Two stories in the news last week concerning the Trump presidency flew in the face of each other, although taken one at a time, they appear to have little connection. Story one: the inaugural luncheon took place in a chamber off the Capitol Rotunda known as the National Statuary Hall. Story two: The president plans to kill off the National Endowment for the Arts. To grasp how sneering the elimination of the NEA would be, consider the location of the luncheon, the site of the very first celebration after Trump took his oath of office -- a room devoted entirely to art -- National Statuary Hall.
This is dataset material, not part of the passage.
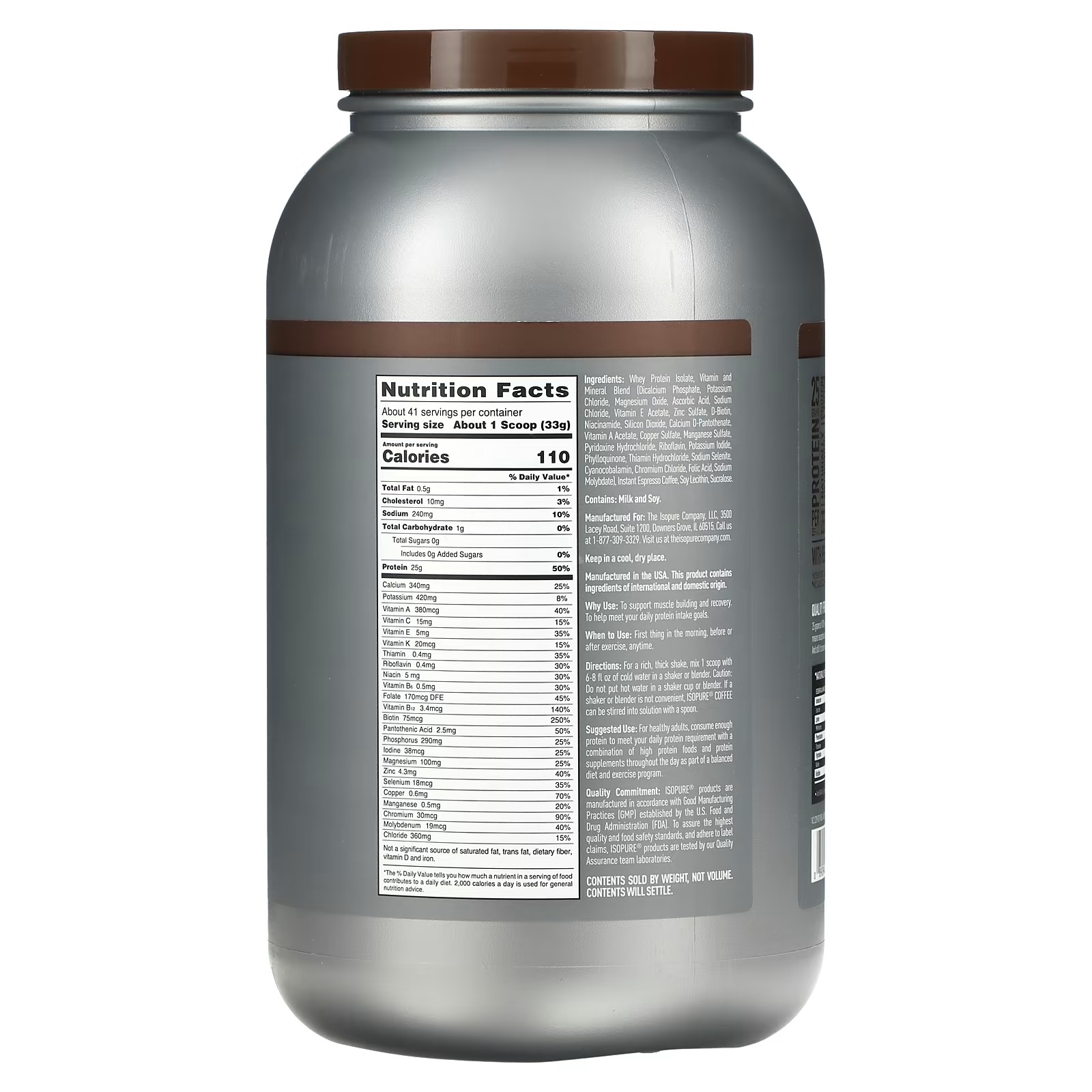 Isopure, Protein Powder with Coffee, Espresso, 3 lb (1.36 kg)_1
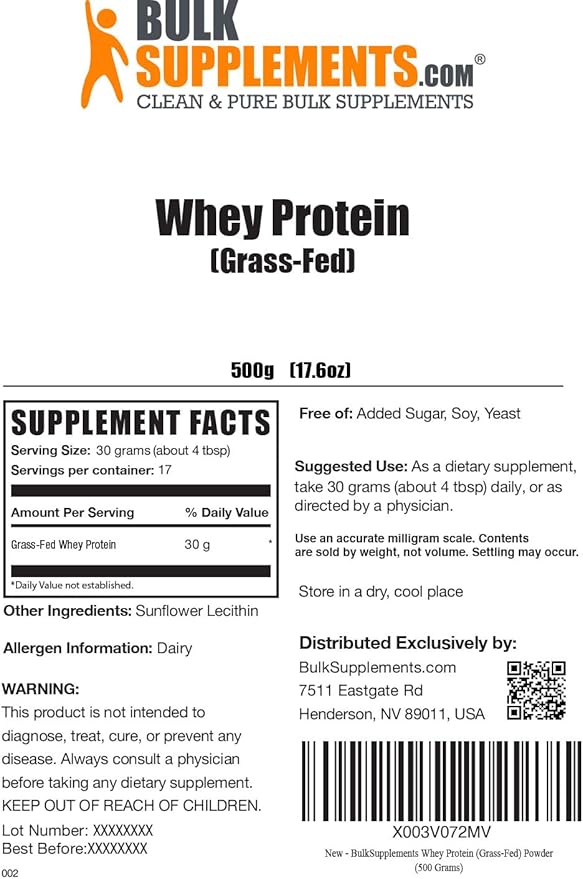 BulkSupplements.com Grass Fed Whey Protein Powder - Unflavored Whey Protein Powder, Grass Feed Whey Protein Concentrate - Gluten Free, 30g per Serving, 500g (1.1 lbs) (Pack of 1)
Aside from the three dozen larger-than-life sculptures of historic figures, stand colossal white marble columns of the Corinthian order, the most highly-wrought of all Old Rome’s orders, each hand-carved by artisans from Carrera in Italy. Also, on the way to the luncheon, Trump and his guests had to pass through the Capitol Rotunda, where giant paintings picturing American history grace the walls. Hasn’t anyone in the Trump administration noticed the dedication to art that our seat of government shows itself to be?

A decision driven by faulty data

Granted, Trump wants to save taxpayer dollars -- $10 trillion according to The Hill Report – a neat trick given his plans to cut taxes and increase spending on building the military and a 2,000-mile border wall.

But the percentage of the federal budget that goes to the NEA each year comes to a mere 0.003 percent. So the question goes pleading, why eliminate the NEA in the name of cutting the deficit if the cut doesn’t make a nick, let alone a dent? Maybe the better question is to ask if Trump knows what the NEA does. Looking at what he has said in the past about it, he doesn’t know very much.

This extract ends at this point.